Stable Platform for Mevalonate Bioproduction from CO 2 .

Stable production of value-added products using a microbial chassis is pivotal for determining the industrial suitability of the engineered biocatalyst. Microbial cells often lose the multicopy expression plasmids during long-term cultivations. Owing to the advantages related to titers, yields, and productivities when using a multicopy expression system compared with genomic integrations, plasmid stability is essential for industrially relevant biobased processes. Cupriavidus necator H16, a facultative chemolithoautotrophic bacterium, has been successfully engineered to convert inorganic carbon obtained from CO 2 fixation into value-added products. The application of this unique capability in the biotech industry has been hindered by C . necator H16 inability to stably maintain multicopy plasmids. In this study, we designed and tested plasmid addiction systems based on the complementation of essential genes.
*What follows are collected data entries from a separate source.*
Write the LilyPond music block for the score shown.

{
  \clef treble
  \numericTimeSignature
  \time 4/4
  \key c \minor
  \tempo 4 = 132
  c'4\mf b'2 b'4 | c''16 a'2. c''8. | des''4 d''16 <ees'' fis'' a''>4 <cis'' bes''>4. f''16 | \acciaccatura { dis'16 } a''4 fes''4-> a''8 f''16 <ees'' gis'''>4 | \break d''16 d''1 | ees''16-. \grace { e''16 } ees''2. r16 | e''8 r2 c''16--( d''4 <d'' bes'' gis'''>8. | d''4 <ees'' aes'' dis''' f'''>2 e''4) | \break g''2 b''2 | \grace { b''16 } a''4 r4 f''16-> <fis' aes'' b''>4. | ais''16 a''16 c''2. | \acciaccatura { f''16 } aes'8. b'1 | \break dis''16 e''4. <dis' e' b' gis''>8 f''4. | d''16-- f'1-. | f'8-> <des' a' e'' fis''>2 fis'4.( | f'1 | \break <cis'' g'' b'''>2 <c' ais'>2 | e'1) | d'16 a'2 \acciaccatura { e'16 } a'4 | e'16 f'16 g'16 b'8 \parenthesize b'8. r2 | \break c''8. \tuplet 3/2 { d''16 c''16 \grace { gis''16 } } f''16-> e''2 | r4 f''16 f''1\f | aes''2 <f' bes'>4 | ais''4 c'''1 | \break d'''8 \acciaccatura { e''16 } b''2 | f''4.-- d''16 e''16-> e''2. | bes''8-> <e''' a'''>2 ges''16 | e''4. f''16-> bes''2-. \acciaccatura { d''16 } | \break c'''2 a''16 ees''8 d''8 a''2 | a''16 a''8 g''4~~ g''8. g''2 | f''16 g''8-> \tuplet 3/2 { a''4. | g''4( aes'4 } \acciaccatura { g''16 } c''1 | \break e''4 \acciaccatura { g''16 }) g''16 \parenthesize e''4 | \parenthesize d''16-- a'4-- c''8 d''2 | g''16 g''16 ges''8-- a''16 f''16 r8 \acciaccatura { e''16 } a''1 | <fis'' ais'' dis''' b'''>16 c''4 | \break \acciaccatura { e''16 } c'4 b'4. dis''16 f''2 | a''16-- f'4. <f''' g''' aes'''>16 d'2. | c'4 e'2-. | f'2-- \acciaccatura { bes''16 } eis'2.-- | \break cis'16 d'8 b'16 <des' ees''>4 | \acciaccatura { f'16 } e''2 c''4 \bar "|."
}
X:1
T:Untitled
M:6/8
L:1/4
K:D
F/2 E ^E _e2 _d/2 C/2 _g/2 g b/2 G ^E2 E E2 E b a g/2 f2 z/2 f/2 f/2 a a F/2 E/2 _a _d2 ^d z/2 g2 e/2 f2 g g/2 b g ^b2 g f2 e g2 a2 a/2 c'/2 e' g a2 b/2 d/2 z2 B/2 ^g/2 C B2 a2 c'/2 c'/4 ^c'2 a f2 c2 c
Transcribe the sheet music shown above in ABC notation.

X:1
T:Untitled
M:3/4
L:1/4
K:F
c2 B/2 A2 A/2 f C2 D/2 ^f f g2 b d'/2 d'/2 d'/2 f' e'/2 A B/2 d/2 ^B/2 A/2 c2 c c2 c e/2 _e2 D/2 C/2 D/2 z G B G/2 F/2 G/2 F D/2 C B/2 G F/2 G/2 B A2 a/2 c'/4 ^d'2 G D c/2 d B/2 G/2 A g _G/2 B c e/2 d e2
Among these, implementation of a plasmid addiction tool based on the complementation of mutants lacking RubisCO, which is essential for CO 2 fixation, successfully stabilized a multicopy plasmid. Expressing the mevalonate pathway operon (MvaES) using this addiction system resulted in the production of ∼10 g/L mevalonate with carbon yields of ∼25%. The mevalonate titers and yields obtained here using CO 2 are the highest achieved to date for the production of C6 compounds from C1 feedstocks.